Boxeo, cebollas, puñetas
Joan Miró, que fue árbitro de los combates de boxeo de Ernest Hemingway y pintó las más entrañables escenas de amor de la pintura dibujada que ha contemplado este siglo, era tan humilde en su contacto diario con la verborreica debilidad estética española que una tarde reciente, en que los contertulios esperaban de él un análisis pormenorizado de los símbolos oníricos de su pintura etérea y risueña, sorprendió a ésos conversadores contándolos cómo están diseñadas las cebollas.¿Perfección estética?, se preguntaba Miró, con los ojos en los que la sorpresa parecía un verbo sin declinaciones. No existe mayor perfección estética, decía el autor de los paisajes gatunos de un siglo malhadado, que la simetría absoluta de las cebollas.

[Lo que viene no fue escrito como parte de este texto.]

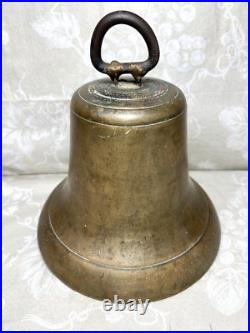 Antique Brass Signal Bell with Clapper Repaired Hanger No Maker's Mark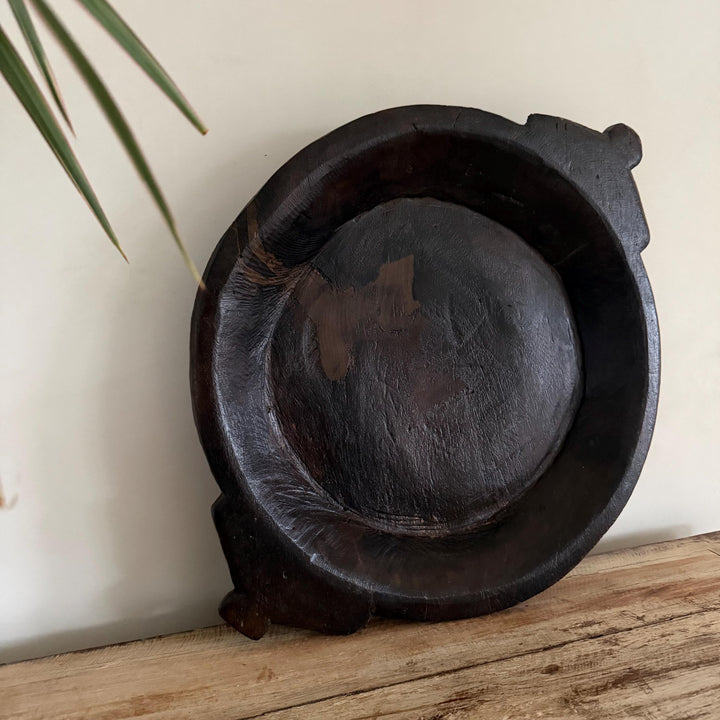 Vintage Teak Wood Dough Bowl | Dark Rustic Parat Tray 19" - Project Kalaā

Entonces, Miró, que hablaba con los codos, pero jamás habló por los codos, explicaba la textura perfecta de las cebollas de su huerta mallorquina y situaba por encima de las cabezas de sus contertulios ese sonido germinal de la voz de quien se oyen los zarpazos de la escrituras, ajeno por completo a la voz habitual de la vida sociable.
Otra vez, este genio sonriente y callado como un río sin afluentes recibió en Mallorca la visita leve de otro personaje de su propia historia, el canarió Eduardo Westerdahl, que le dio cabida en Gaceta de arte cuando ser surrealista era un delito malvado que el mundo sobrellevaba con la cínica perplejidad de la ignorancia.
Le preguntó Westerdahl, en la época en que regresaba el Guernica de Pablo Picasso a España, su opinión sobre el cuadro documental del artista malagueño. Le miró Miró a "Westerdahl, aleteó los codos como solía y respondió con la contundencia estética de las cebollas:
"-¿El Guernica? Punyetas... ¿El Guernica? Punyetas".